In President Clinton's recent trip to Europe lie the answers to a number of vital questions about America's future. The expansion of NATO is one of them, but it may not be the most important.
Certainly, expanding the NATO alliance's borders eastward is a step toward a more secure Europe. We won the Cold War. Poland, Hungary and the Czech Republic have adopted democracy and market economies. They are part of Europe, and our victory and their progress should be institutionalized through their participation in NATO, the EU and other mechanisms of a united Europe.If this makes Russia uncomfortable, so be it. We should engage Moscow on political matters, but on security issues, it would be imprudent to let our hopes get too far ahead of our experience. Bringing NATO closer to Russia sends an important message about our resolve and opposition to regional adventurism.
But, in going to Europe, President Clinton not only strengthened NATO, he also called for more broadly strengthening U.S. ties to Europe.
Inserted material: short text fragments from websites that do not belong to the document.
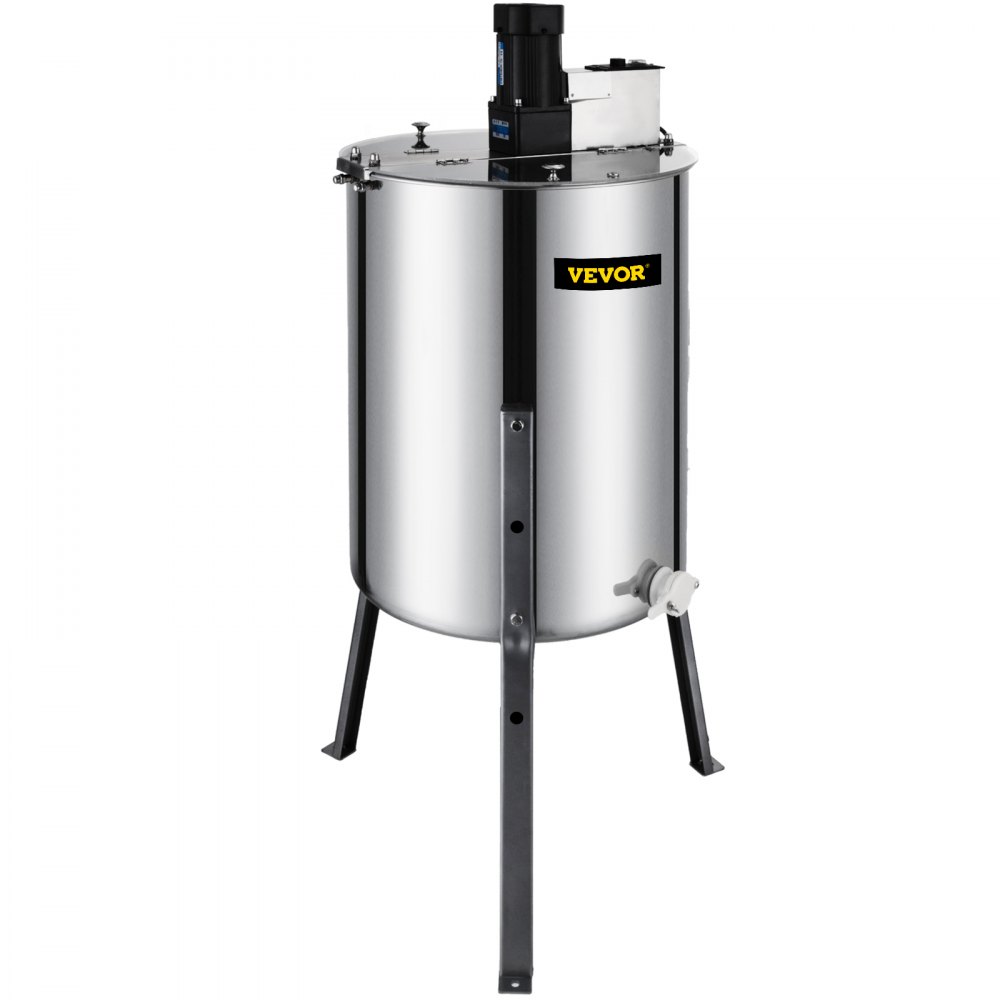 VEVOR Electric Honey Extractor 4 Frame Bee Honey Extractor Separator Stainless Steel Honey Frame Extractor Spinner Drum Beekeeping Extractor Apiary Centrifuge Equipment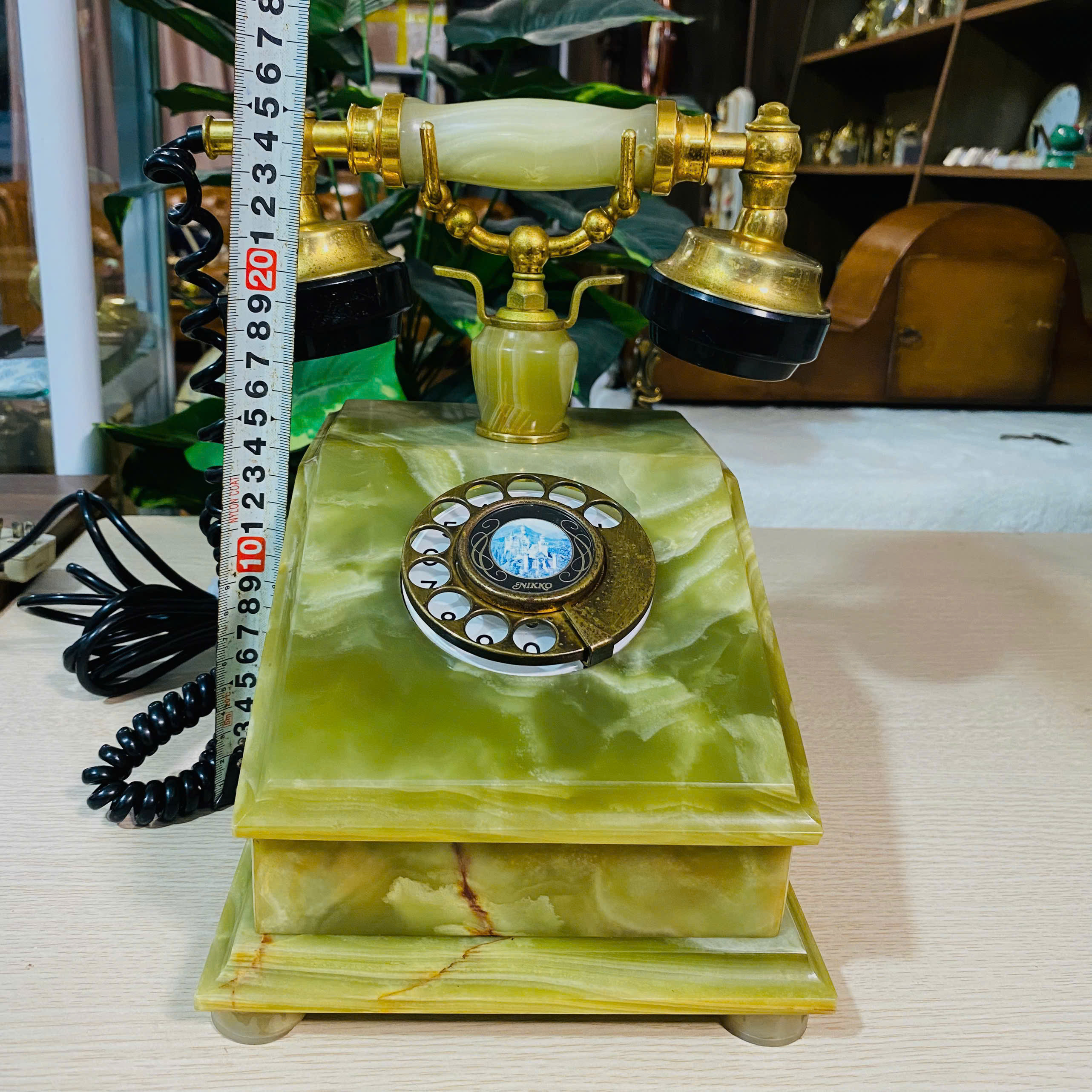 Điện thoại để bàn Châu Âu đá cẩm thạch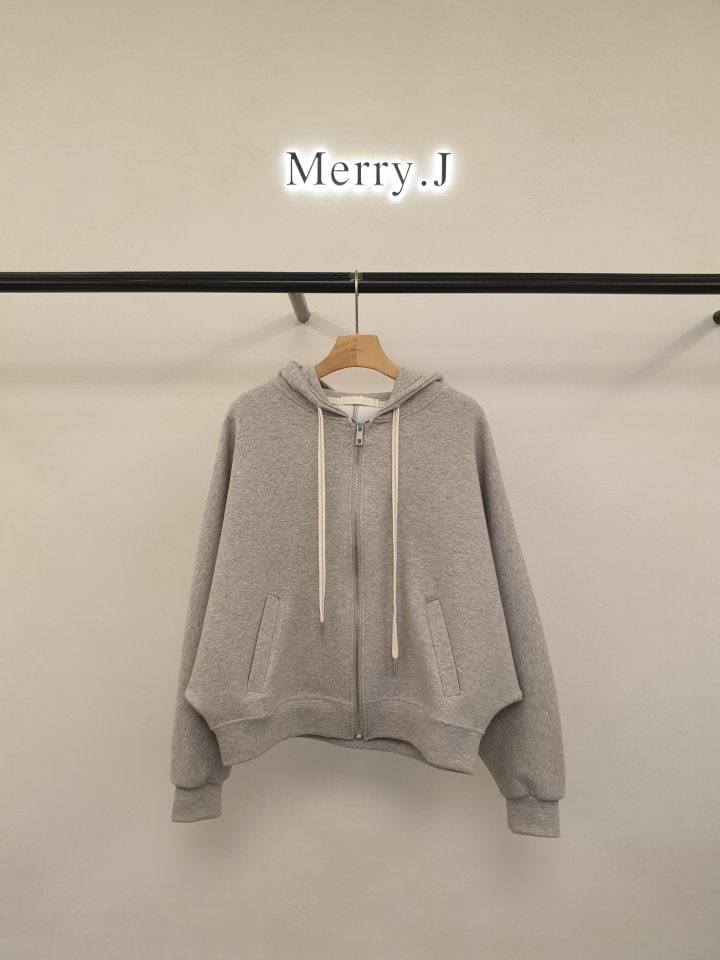 Merry J - Korean Women Fashion - #pursuepretty - Nelly Hoodie Zip-up - 5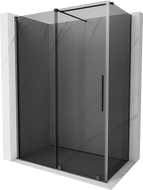 Mexen Velar sliding shower cabin 150 x 80 cm, graphite, brushed gun gray - 871-150-080-41-66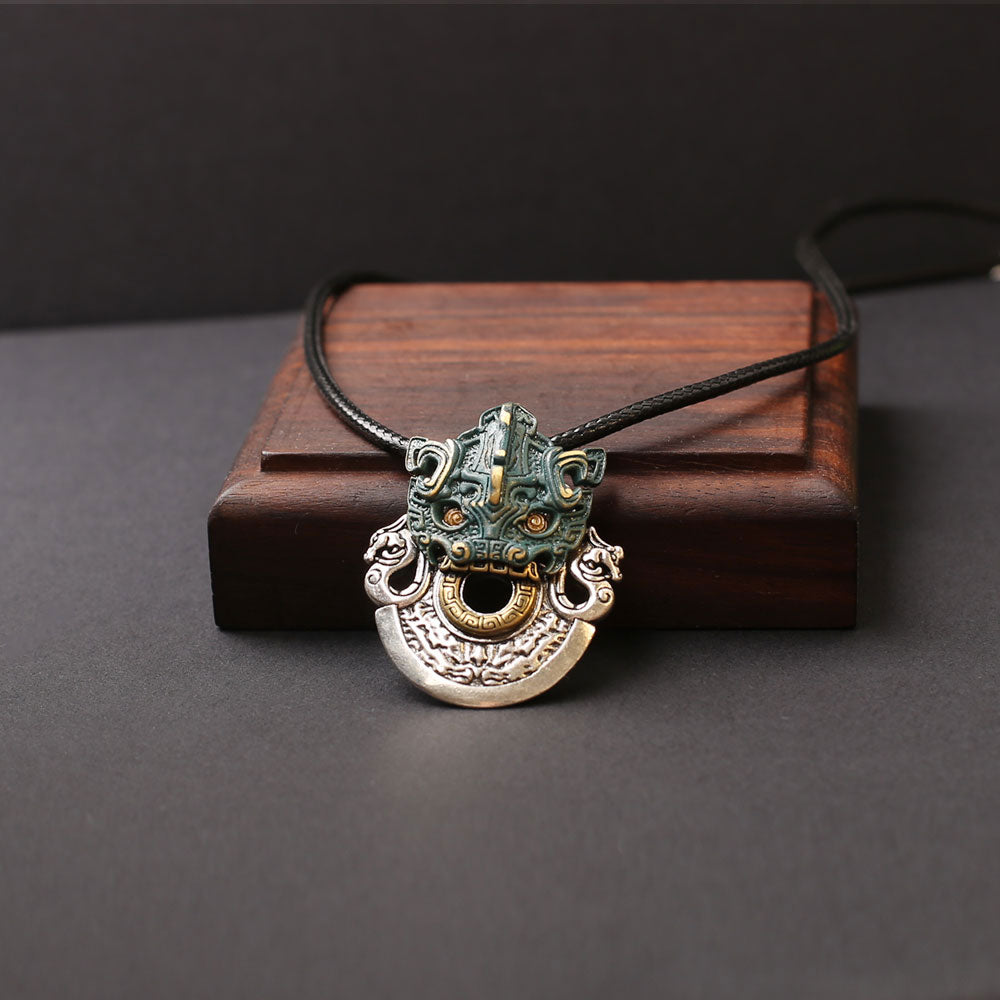 Bronze Taotie Pendant — Attract Positivity, Embrace Strength and Prosperity - Confucian Buddha Tao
It is in the trans-Atlantic relationship where many of our challenges, present and future, lie.
Consider several key, seemingly unrelated issues preoccupying U.S. foreign policy.
Take for example, the renewal of ''most favored nation'' trading status for China. The revocation of MFN would be both damaging and ineffective. It would invite virtually certain retaliation costing tens of thousands of American jobs and pushing up prices on key imports. The Chinese can be counted on to punish American consumers and exporters because they feel confident they can find substitute markets elsewhere.
It is only through effective multilateral diplomacy that U.S. human rights concerns can be addressed. With U.S.-European cooperation on these issues, if we imposed sanctions we would not be opening the door to our principal competitors or offering China an easy means to avoid feeling the sting of our actions. Furthermore, if we worked together with the Europeans, we could forge a human rights policy that actually had some political and diplomatic leverage in a wide variety of institutions and didn't require turning to trade levers as the last available resort.
Acting unilaterally is ineffective. Given the shrinking relative size of our economy and our diminished political clout in the post-Cold War environment, our useful unilateral options are actually diminishing rapidly. We can shoot ourselves in the foot acting alone, but we cannot be effective leaders without a following.
Our leverage with Japan would also be enhanced if we cooperated with Europe. For years, Japan, China and others have been cannily playing the game of working us against the Europeans on trade issues. What is more, dealing with the next generation of trade issues - those pitting the developed countries against the developing ones - will require far greater U.S.-EU trade policy coordination than it is today.
Adding a new, strengthened trade component to the Atlantic Alliance would be a natural way to institutionalize this cooperation.
Strengthened U.S.-EU ties have already produced results in a variety of areas during the Clinton administration. Working with the European Union, we have overcome initial wariness to more effectively manage the process of ushering China into the WTO. Together, and in cooperation with the Organization for Economic Cooperation and Development, we have recently won approval for effective new steps to combat corruption. Most recently, important trans-Atlantic agreements on standards harmonization and mutual recognition of testing agencies were announced, a byproduct of groundbreaking work by the Transatlantic Business Dialogue.
But these steps represent just the beginning. A look to the horizon suggests that the world of the 21st century will share many of the features of the world today. It may be again a bipolar world. But the divisions are more likely to separate North and South than East and West.
It may also be a world in which the central debate is - as it was during the Cold War - about how to most justly distribute income and wealth within societies. Except, in the new scenario, the societies in question are not just national, they are regional and global.
If, in fact, these assumptions are true and the new paradigm bears striking resemblance to the old one, it is also clear that our most natural allies are those with whom we share the most culturally and whose interests are closest to our own: the Europeans.
In the wake of the collapse of communism, some thoughtful observers argued that we would enter a new period in which the alliances of the Cold War would fragment, drawn apart by economic competition. Yet today, a few years into this new era, it is apparent the strength of common interests demand that we overcome momentary differences and, once again, reinvent our old alliance for a wide array of compelling new reasons.